Gulbis too drips with marketing savvy. There is the television reality show. The sexy calendar. The mounds of endorsements created around her blonde hair and engaging personality and bikini shots.

But there is also this: When she beat Jeong Jang in a playoff Sunday to win the Evian Masters (the most prestigious women’s tournament this side of a major), Gulbis reached a stage her career record suggested was more destined than possible.

That she did so after having to change her swing because of a bad back moves her even further away from any athletic connection with Kournikova, whose downfall in sports was that she peaked early and couldn’t overcome all those spine ailments.

She was essentially done at 22, having traded in her competitive singles career for the occasional team tennis doubles match and her next pouty expression in front of thousands of paparazzi cameras.

The difference with Gulbis: She is 24 and just getting started as one of her sport’s best.

"I never actually met Anna, but the comparisons didn’t bother me at all," Gulbis said Wednesday from Scotland, where the Women’s British Open will be contested this week at St. Andrews. "She’s very attractive and brought a lot of (publicity) to her sport. Coming up, she was one of the best juniors in the world.

"But I have always known the most important thing to me is winning tournaments.
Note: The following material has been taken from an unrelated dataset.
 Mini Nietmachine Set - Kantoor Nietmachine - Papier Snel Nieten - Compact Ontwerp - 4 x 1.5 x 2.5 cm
I wouldn’t spend the time competing on tour every week and putting in the hours of practice and working on my game if (winning) wasn’t the ultimate goal.

"You know, I didn’t feel at all different last week than I have with some of my top-five finishes. It was just my time. I’ve been in the hunt for a while at different tournaments, but someone would outplay me. This time, I was the one with the lowest score."

You could see it coming faster than Lindsay Lohan’s next relapse.

Gulbis and Lorena Ochoa were the only players to finish among the top 20 in all four majors last year. Gulbis had five top 10s in 2006 and the year before set a then-LPGA season record for earning the most money (just over $1 million) without a victory. She has been a few accurate drives and more consistent putts away from hugging a trophy as she did in France on Sunday.

The mainstream sports marketplace continues to be jam-packed with entertainment options for the average fan’s attention. For years, many have wondered if sex appeal isn’t the optimum way to promote women’s sports. Before there was a Natalie Gulbis in golf, there was Jan Stevenson and Laura Baugh.

And while skimpy outfits never have been proven to directly influence tournament purses or sponsorship awareness, the concept certainly has helped women’s golf establish its place in that crowded marketplace.

Gulbis is a big reason for that, much the way Kournikova once was in tennis. It’s where all comparisons should end.